>>> I don't think that using getTypeAllocSize() instead of
>>> getTypeStoreSize() to calculate clover::argument::size would be a
>>> satisfactory solution. By doing that you'd redefine the API argument
>>> size exposed to the host for *all* argument types to be the
>>> device-dependent aligned size, which is definitely not what you want.
>>> AFAIK 3-element vectors are an exception because they are the only types
>>> that are defined to have a different API size from their actual usable
>>> size, so they probably deserve special handling in invocation.cpp (as
>>> you did in your first patch). As the API size is target-independent I
>>> don't think that the fix belongs in Clang or LLVM, Clover is likely at
>> The way I understood the ch 6.1.5 is that both API and OpenCL C 3
>> element vectors are required to be 4*sizeof(component). So a
>> sizeof(float3) == sizeof(cl_float3) == 16, and should be both host and
>> target independent.
> Well, sizeof() is supposed to take into account the alignment, so this
> should be the case already.
AFAIK sizeof only includes padding. I explain below.
>> That's why clang (or more precisely libclc) looked like a correct
> Right. I guess the other possibility would be to redefine cl_float3 as
> cl_float4 in libclc.
Sorry, I meant to redefine "gentype3" as "gentype4" for every vector
element type "gentype".
> You mentioned that it had undesired consequences. Which exactly?
With this change:
-typedef __attribute__((ext_vector_type(3))) float float3;
+typedef __attribute__((ext_vector_type(4))) float float3;
errors about duplicate ops (since type3 and type4 are now the same type)
can be fixed. However, I don't know a clean way to fix the following:
error: too few elements in vector initialization (expected 4 elements,
Even if we can get rid of it, or reduce it to warning.
having the same type for type3 and type4 causes problem that we won't be
able to distinguish following situations:
float3 B = A.xyz; // This is OK, should not produce warning/error;
float4 C = A.xyz; // This should at least produce a warning. even if we
allow using fewer elements for vector initialization.
>> I understand that target device can have stricter alignment rules, but I
>> don't see how it can have different type sizes (my reading of the specs
>> is that these are binding for the target as well).
> In theory the sizes are binding for most built-in types, but R600
> doesn't support certain integer types so clover has code to take into
> account the differing size, alignment and endianness between host and
> device. I guess that in most cases it would be possible to use the
> "official" ABI for passing kernel arguments to the device (and that's a
> requirement for your solution using DataLayout::getTypeAllocSize() to
> work reliably, otherwise you'll be taking into account device-specific
> padding), but you'll have to fix the R600 back-end so it's able to deal
> with (i.e. lower) all built-in types specified by OpenCL. I think that
> this would be useful on its own, Tom should know better than I how
> difficult it would be.
I didn't know about the additional R600 type size magic, in this case I
agree that the original approach (detect 3elem vectors and change size)

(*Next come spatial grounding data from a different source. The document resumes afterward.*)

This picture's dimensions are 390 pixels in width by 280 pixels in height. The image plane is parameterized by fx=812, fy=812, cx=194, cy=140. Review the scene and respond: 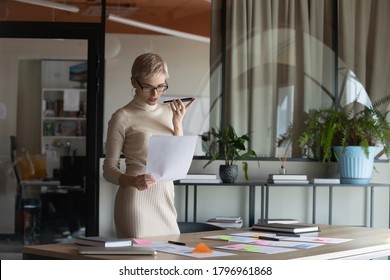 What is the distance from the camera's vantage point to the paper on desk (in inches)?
139

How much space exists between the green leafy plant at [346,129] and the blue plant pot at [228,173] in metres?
0.66

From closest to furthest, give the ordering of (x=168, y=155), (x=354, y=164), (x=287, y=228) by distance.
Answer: (x=168, y=155) < (x=287, y=228) < (x=354, y=164)

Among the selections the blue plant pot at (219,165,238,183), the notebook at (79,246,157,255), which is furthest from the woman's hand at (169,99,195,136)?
the blue plant pot at (219,165,238,183)

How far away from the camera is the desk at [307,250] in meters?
2.97

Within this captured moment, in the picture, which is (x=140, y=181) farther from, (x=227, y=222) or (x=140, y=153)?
(x=227, y=222)

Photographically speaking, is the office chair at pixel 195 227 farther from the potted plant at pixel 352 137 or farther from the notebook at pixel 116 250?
the potted plant at pixel 352 137

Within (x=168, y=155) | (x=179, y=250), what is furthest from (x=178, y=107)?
(x=179, y=250)

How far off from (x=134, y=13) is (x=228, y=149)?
1.39 meters

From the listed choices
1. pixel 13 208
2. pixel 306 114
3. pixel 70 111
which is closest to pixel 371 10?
pixel 306 114

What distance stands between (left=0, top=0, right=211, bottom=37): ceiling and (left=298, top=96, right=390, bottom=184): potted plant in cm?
125

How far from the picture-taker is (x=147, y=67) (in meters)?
3.73

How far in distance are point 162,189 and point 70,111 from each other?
10.4 ft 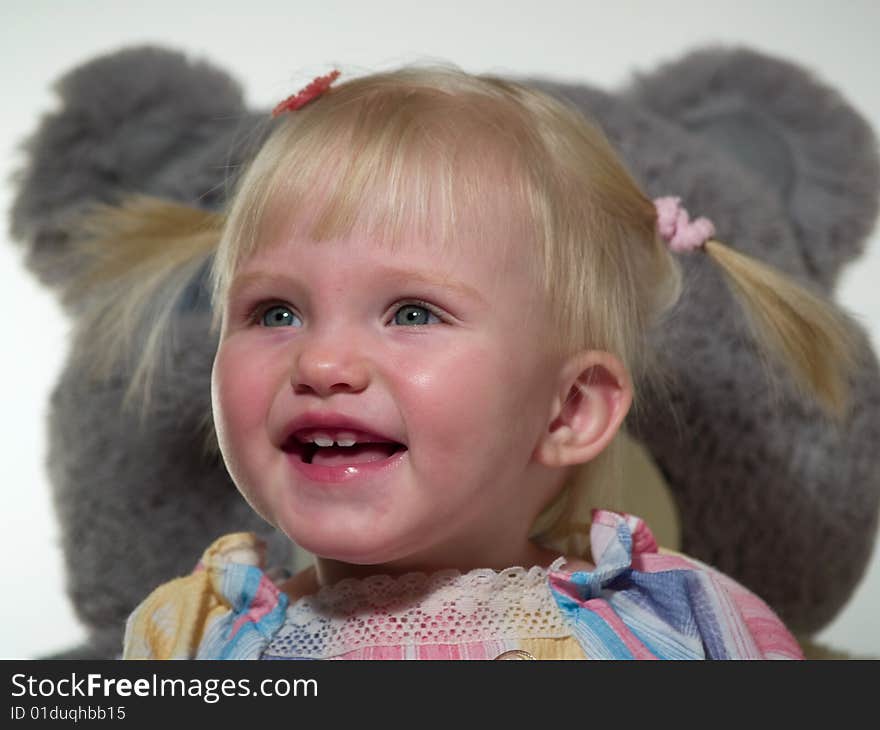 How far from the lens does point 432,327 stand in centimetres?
86

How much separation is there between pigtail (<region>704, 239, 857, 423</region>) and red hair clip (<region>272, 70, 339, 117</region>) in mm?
409

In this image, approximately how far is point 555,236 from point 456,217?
10 cm

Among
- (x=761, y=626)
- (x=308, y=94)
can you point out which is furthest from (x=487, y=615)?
(x=308, y=94)

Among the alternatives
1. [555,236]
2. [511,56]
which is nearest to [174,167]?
[511,56]

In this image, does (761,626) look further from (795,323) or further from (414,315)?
(414,315)

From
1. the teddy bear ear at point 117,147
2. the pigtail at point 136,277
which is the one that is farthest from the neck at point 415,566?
the teddy bear ear at point 117,147

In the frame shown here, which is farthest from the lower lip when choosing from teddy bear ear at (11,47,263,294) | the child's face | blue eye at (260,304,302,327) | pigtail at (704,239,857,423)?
teddy bear ear at (11,47,263,294)

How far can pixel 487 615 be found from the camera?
0.93 meters

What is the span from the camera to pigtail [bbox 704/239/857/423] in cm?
111

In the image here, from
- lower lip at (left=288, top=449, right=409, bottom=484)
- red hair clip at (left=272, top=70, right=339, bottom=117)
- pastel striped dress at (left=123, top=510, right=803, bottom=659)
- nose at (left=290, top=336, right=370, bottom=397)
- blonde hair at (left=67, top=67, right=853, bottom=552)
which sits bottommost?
pastel striped dress at (left=123, top=510, right=803, bottom=659)

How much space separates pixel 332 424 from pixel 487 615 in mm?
217

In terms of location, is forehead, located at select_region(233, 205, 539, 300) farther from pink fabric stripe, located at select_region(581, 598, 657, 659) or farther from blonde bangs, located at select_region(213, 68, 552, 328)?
pink fabric stripe, located at select_region(581, 598, 657, 659)

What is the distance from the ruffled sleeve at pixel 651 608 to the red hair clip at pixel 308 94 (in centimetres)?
44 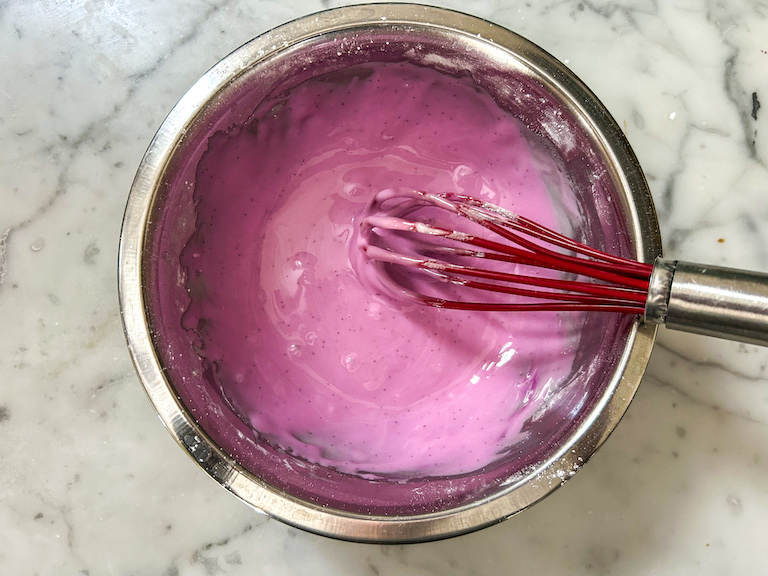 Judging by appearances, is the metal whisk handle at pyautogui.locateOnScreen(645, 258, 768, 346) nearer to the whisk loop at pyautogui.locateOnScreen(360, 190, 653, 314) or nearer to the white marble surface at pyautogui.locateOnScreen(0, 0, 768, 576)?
the whisk loop at pyautogui.locateOnScreen(360, 190, 653, 314)

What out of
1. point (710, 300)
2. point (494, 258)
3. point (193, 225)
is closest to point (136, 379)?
point (193, 225)

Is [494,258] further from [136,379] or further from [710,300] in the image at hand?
[136,379]

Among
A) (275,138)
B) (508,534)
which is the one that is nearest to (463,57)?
(275,138)

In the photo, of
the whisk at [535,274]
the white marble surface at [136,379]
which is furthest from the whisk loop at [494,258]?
the white marble surface at [136,379]

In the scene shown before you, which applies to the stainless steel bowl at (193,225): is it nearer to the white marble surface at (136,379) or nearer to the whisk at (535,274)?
the whisk at (535,274)

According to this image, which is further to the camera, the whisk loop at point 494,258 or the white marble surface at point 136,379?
the white marble surface at point 136,379

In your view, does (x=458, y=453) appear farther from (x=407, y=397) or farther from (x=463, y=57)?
(x=463, y=57)

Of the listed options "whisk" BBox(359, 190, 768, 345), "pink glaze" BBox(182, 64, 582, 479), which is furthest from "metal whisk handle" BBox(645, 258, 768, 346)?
"pink glaze" BBox(182, 64, 582, 479) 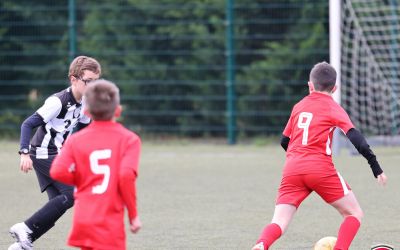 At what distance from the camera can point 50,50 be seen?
18141mm

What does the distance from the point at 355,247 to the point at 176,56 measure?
1089cm

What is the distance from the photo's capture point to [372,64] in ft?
50.2

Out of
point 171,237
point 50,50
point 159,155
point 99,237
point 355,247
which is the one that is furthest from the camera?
point 50,50

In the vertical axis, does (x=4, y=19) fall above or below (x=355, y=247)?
above

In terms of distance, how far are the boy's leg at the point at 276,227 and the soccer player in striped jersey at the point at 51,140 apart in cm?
143

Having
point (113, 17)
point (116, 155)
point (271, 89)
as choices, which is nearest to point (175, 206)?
point (116, 155)

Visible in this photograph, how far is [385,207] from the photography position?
9047 mm

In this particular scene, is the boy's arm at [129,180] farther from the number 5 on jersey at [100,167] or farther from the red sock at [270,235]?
the red sock at [270,235]

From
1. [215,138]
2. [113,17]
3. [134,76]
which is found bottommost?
[215,138]

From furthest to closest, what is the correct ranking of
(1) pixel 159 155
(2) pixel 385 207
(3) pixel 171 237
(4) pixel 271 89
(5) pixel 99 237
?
(4) pixel 271 89, (1) pixel 159 155, (2) pixel 385 207, (3) pixel 171 237, (5) pixel 99 237

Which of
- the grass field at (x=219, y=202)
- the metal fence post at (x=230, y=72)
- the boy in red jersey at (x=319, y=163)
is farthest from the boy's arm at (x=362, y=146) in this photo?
the metal fence post at (x=230, y=72)

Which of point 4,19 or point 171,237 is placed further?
point 4,19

is probably the best in this situation.
>> I can resend the original patch with debug output replaced by a comment.
> A slightly more general solution than what you did could be to align the
> store size of scalar and vector arguments to the next power of two to
> calculate the API size (in particular, that would make 3- and 4-element
> vectors have the same size). From 6.1.5: "A built-in data type that is
> not a power of two bytes in size must be aligned to the next larger
> power of two."
This part is what made me think that the _alignment_ only restricts
starting address (and not size). Otherwise, the addition of 3 element
vector special case would not be necessary. i.e I think that the
following mem layout is legal in OCL 1.0 but not in OCL1.1+
0x10: float3 here
0x1c: int here // this should belong to float3 in ocl 1.1+
while the following is illegal in both:
0x8: float3 here
So, I don't think that the quoted text requires all builtin types to
have 2^x size (although all but 3 element vectors do).